# What Enneagram Types do you Struggle With?



## paradox_conqueror (Jun 19, 2021)

For me, it is E6s and E8s. Both are often 'thinking types' in socionics and the MBTI, and I have a problem with both:

First, with E6s, I find their reasoning to be based entirely on paranoia, fear and worst-case outcomes. They simply could not be more negative. In socionics, they are often typed 'ILI' because of their tendency to forecast worst-case outcomes, but my problem is that they thrive on such a mindset, while I find it suffocating - it is almost unlivable for me to always expect the worst. (They are also not just 'ILI,' as there are plenty of other types that are E6. OTOH, there are a whole bunch of E5 'ILIs' that are not E6s at all...). E6s are also often 'thinking types' because they are skeptics and therefore only see the negative, so they clash with more positive-minded people. But someone E6, especially 6w5, whose reasoning is based entirely on paranoia and negativity is very difficult to deal with - at least for me...

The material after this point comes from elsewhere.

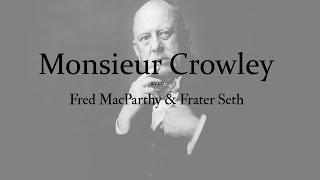 Monsieur Crowley (partie 1) - avec Fred MacParthy & Frater Seth
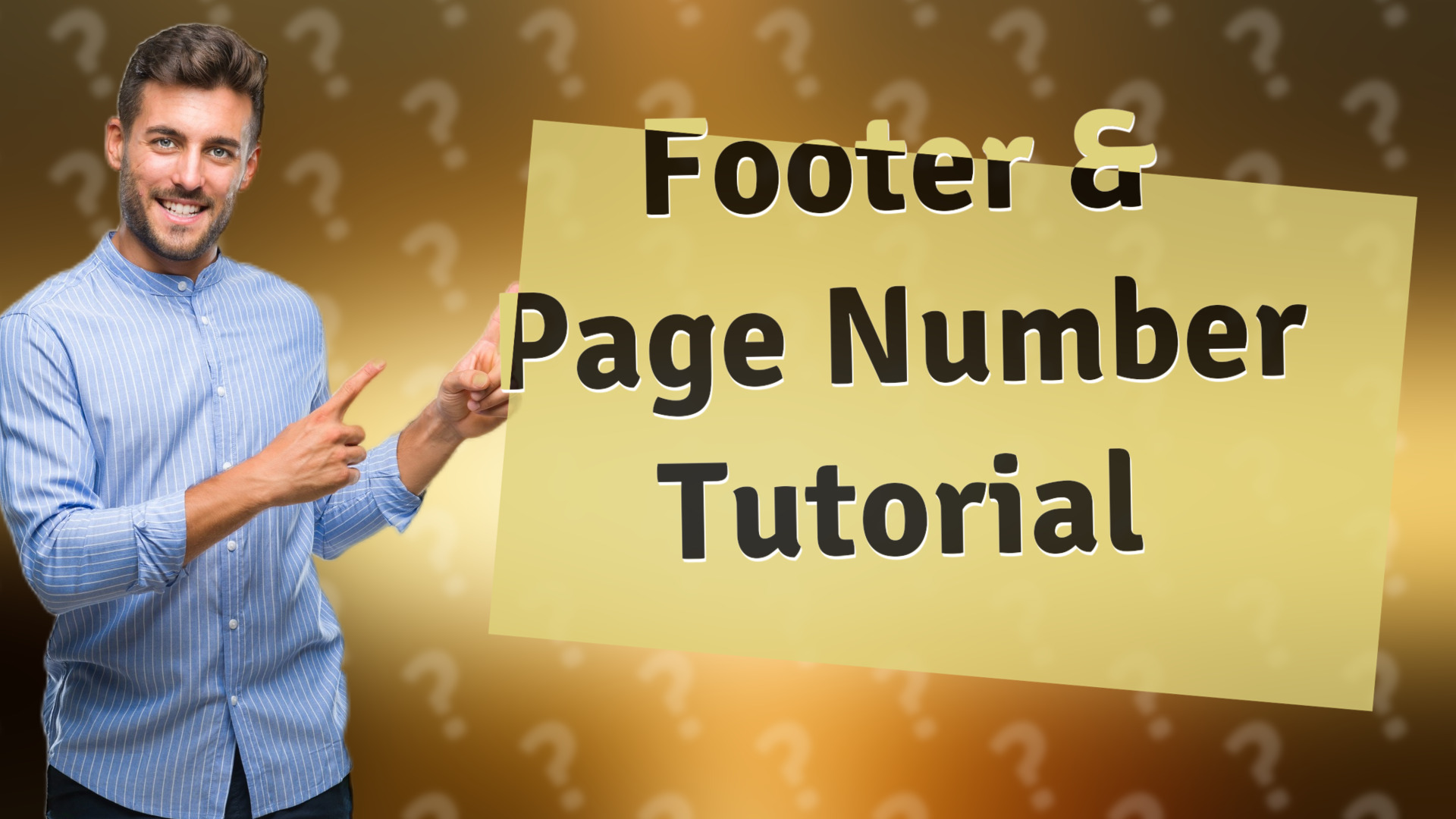 Footer & Page Number Tutorial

And of course E8s: domineering, tough-minded to the extreme, often having something like a 'vice-grip' over people or certain issues, and, at times, they simply cannot lay-off. They are also 'thinking types,' because they simply do not like emotions and they therefore walk all over everybody else's feelings...


----------



## Miaristan (Nov 5, 2021)

I could say E8s, but especially E1s, because they may be aggressive, inflexible, dogmatic, and judgmental. I can deal with people who have different opinions from me, but I can't deal with those who adamantly refuse to change their mind or accept differences of political views. E1s probably include people from both the left and the right who are so obsessively committed to their ideals that they may be patronizing towards people who dare not thinking like them. For me, everyone no matter its political views can be a healthy person as long as politics doesn't become an obsession for them.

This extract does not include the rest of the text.